AIM OF THE EXERCISE: In the entries below, copy only the lines from the one that contains "2013 Scion Fr-S" through the last line, exactly, and omit any pictures.

(Source data)
========================================================================

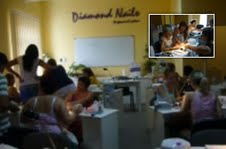 OKJ-s műköröm tanfolyam Január 14. kezdéssel!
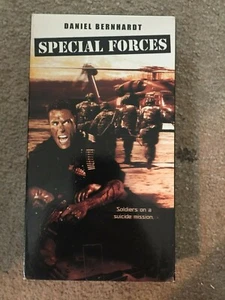 SPECIAL FORCES- VHS- 2002 - Imagen 1 de 3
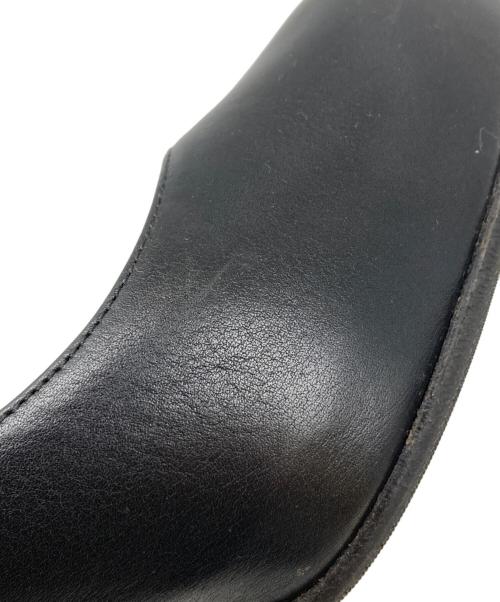 Salvatore Ferragamo（サルヴァトーレ フェラガモ）Salvatore Ferragamo (サルヴァトーレ フェラガモ) ヒールパンプス ブラック サイズ:SIZE 6 1/2の古着・服飾アイテム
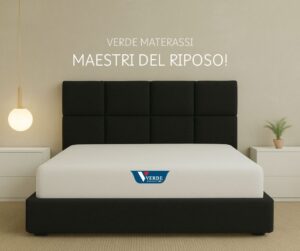 Krevati Eleganza Nera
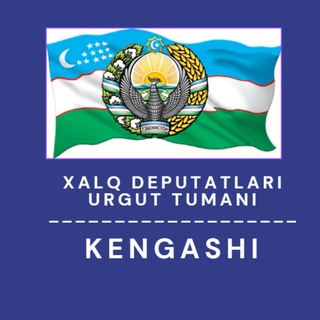 Telegram profile photo for Xalq deputatlari Urgut tuman Kengashi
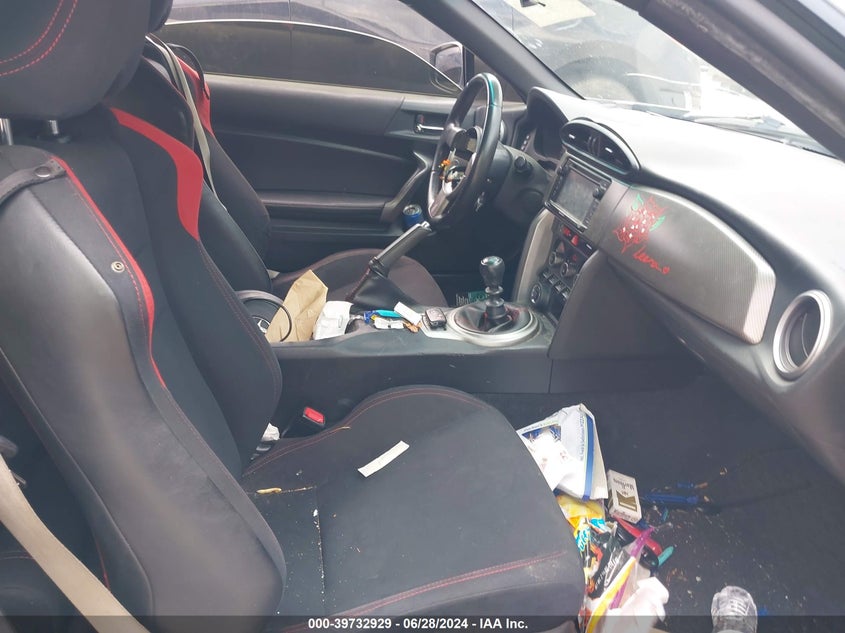 2013 Scion Fr-S 10 Series VIN: JF1ZNAA19D1729254 Lot: 39732929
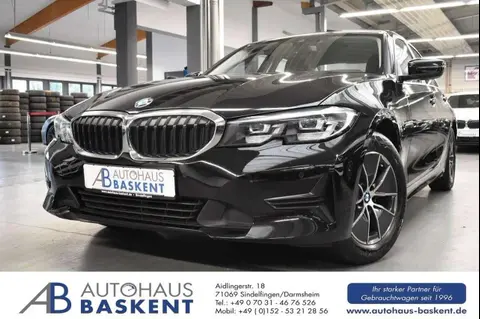 Used BMW SERIE 3 Petrol 2021 Ad 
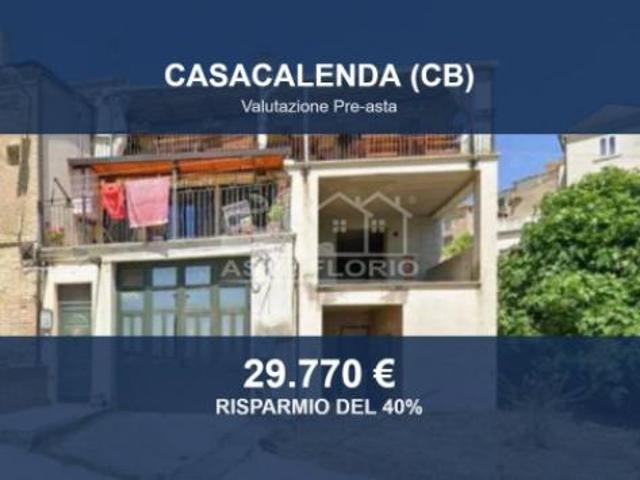 Immobile in asta di 82 m in vendita a Casacalenda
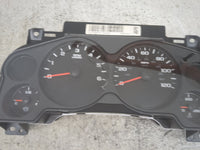 2012 Chevrolet Silverado 1500 Instrument Cluster Speedometer Gauges P/N:28278982 20938759 Miles: Fits OEM Used Auto Parts - 
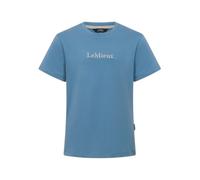 LeMieux Young Rider Childrens Classique T-Shirt - Ice Blue 9-10 Years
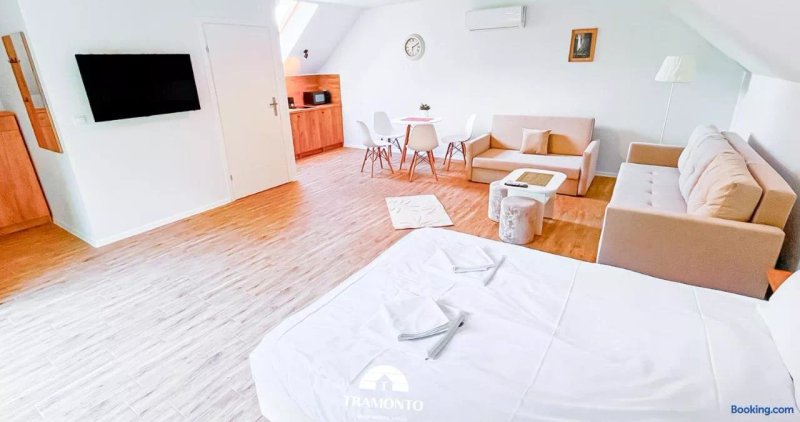 Tramonto Apartments Zator Przeciszow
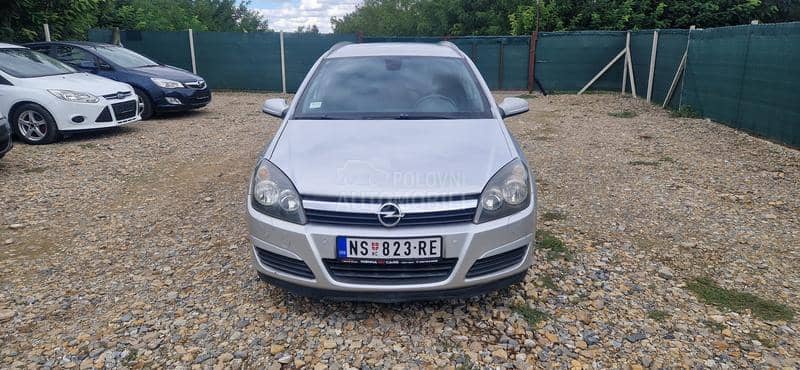 Opel Astra H 1.9 CDTI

========================================================================

WRITTEN RESPONSE:
 2013 Scion Fr-S 10 Series VIN: JF1ZNAA19D1729254 Lot: 39732929
 Used BMW SERIE 3 Petrol 2021 Ad 
 Immobile in asta di 82 m in vendita a Casacalenda
 2012 Chevrolet Silverado 1500 Instrument Cluster Speedometer Gauges P/N:28278982 20938759 Miles: Fits OEM Used Auto Parts - 
 LeMieux Young Rider Childrens Classique T-Shirt - Ice Blue 9-10 Years
 Tramonto Apartments Zator Przeciszow
 Opel Astra H 1.9 CDTI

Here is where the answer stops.